The specific heat capacity is intensive, and does not depend on the quantity, but the heat capacity is extensive, so two grams of liquid water have twice the heat capacitance of 1 gram, but the specific heat capacity, the heat capacity per gram, is the same, 4.184 (J/g.K). So a table of specific heat capacitance based on the type of material can be used to allow us to calculate the heat capacitance of an object. Note the heat capacity depends on the phase of the substance.

Table $$\PageIndex{1}$$: Specific Heat Capacities for common substances.
Substance Symbol (state) Specific Heat (J/g °C)   Substance Symbol (state) Specific Heat (J/g °C)
helium He(g) 5.193   aluminum Al(s) 0.897
water H2O(l) 4.184   carbon dioxide CO2(g) 0.853
ethanol C2H6O(l) 2.376   Silicon Si(s) 0.712
ice H2O(s) 2.093 (at −10 °C)   argon Ar(g) 0.552
water vapor H2O(g) 1.864   iron Fe(s) 0.449
nitrogen N2(g) 1.040   copper Cu(s) 0.385
air mixture 1.007   gold Au(s) 0.129
oxygen O2(g) 0.918   lead Pb(s) 0.128

Note: Metals have low heat capacities and thus undergo rapid temperature rises when heat is applied.

Exercise $$\PageIndex{3}$$

If you add the same amount of heat to an equal mass of liquid water, solid gold, and solid iron, which would end up having the highest temperature?

Solid Gold.

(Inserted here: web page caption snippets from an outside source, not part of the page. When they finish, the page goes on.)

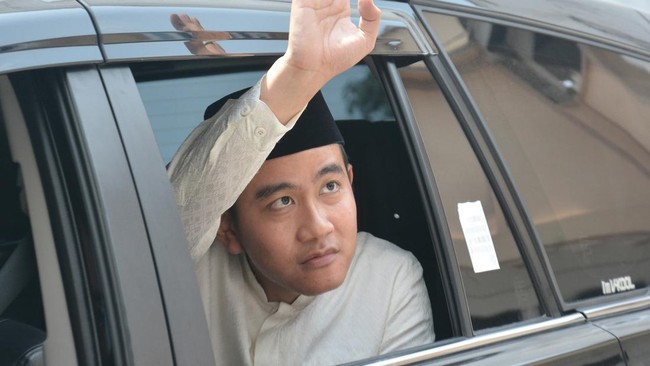 Bakal calon wakil presiden Gibran Rakabuming Raka bertemu Gus Miftah dan sejumlah ulama pada haul Habib Solo di Masjid Riyadh.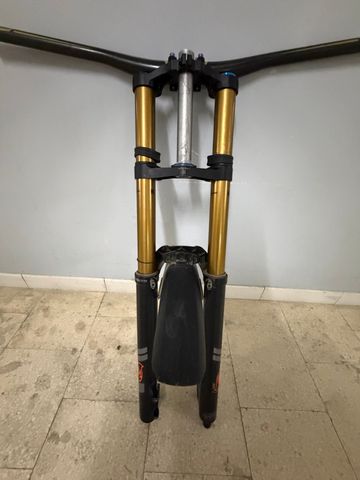 Used Fox 40 Fork 2024 bike — image 3 of 6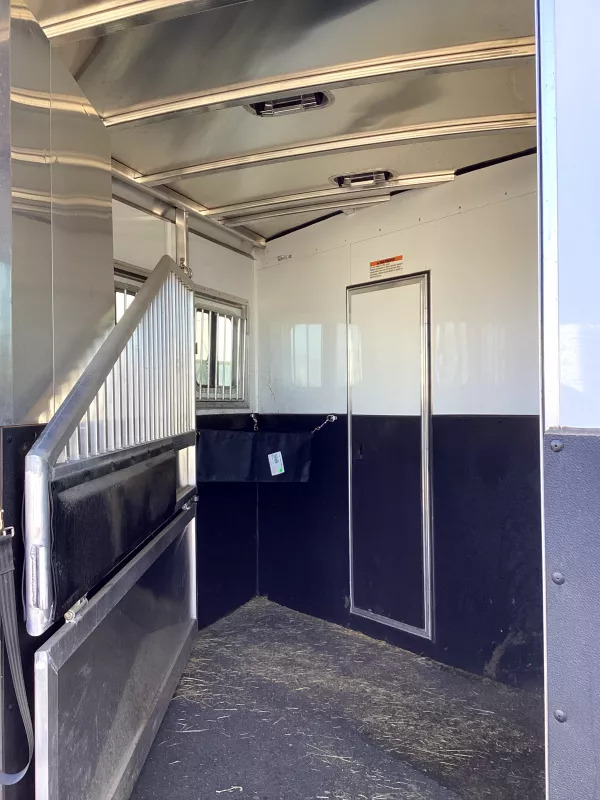 2019 Exiss Escape 7204 2 Horse Weekender Gooseneck Trailer - Image 18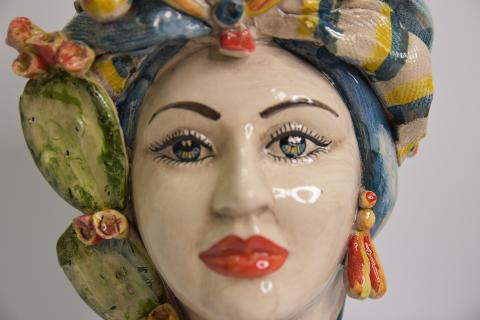 Coppia teste di moro fichi d'india e turbante Produzione artigianale di Caltagirone  h.31 cm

They all have the same mass and are exposed to the same amount of heat. So, the one with the lowest specific heat would have the highest temperature. It has the lowest resistance to temperature change when exposed to heat. If you ever reached into an oven to grab your food with a gold bracelet on, you may have experience the low specific heat capacity of gold. Metals have low heat capacities and thus undergo rapid temperature rises when heat is applied.

Example $$\PageIndex{1}$$

What is the final temperature if 100.0 J is added to 10.0 g of aluminum at 25oC? $$c){Al} = 0.902\,J/(g.^oC)$$. For extra help watch video $$\PageIndex{2}$$, which solves this problem.

Solution

$T_f=T_i+\frac{q}{mc}=25^oC+\frac{100.0\,J}{10.0\,g(\frac{0.902\,J}{g \cdot ^0C})}=36.1^oC \nonumber$

### Specific heat capacity can be used to identify an unknown substance

The specific heat capacity is a physical property of the material a substance is composed of and can be used to help identify the substance the way density can help identify an incompressible substance like a solid or liquid. It should be noted that two substances can have the same specific heat capacity just as two substances can have the same density, but for example, if the heat capacity of a clear liquid is not 1 cal/goC, the substance can not be pure water.

Example $$\PageIndex{2}$$

You have an unknown metal that is either Al, Cu, Ag or Fe and want to identify it. Upon adding 51.26J to 10.0G of the metal its temperature is raised by 22oC

Solution

Calculate the specific heat capacity and relate to those on table Table $$\PageIndex{1}$$. The metal is silver and this problem is solved in Video $$\PageIndex{3}$$

Exercise $$\PageIndex{4}$$

Can you use the specific heat capacity to tell the difference between lead and gold?

No, gold had a specific heat capacity of 0.129J/goC and lead of 0.128J/goC. The thousandths position is uncertain and so to three significant digits, you can not differentiate between these two samples (you report all certain and the first uncertain, so if you have a measurement of 0.128, you are not really sure of the 0.008 value.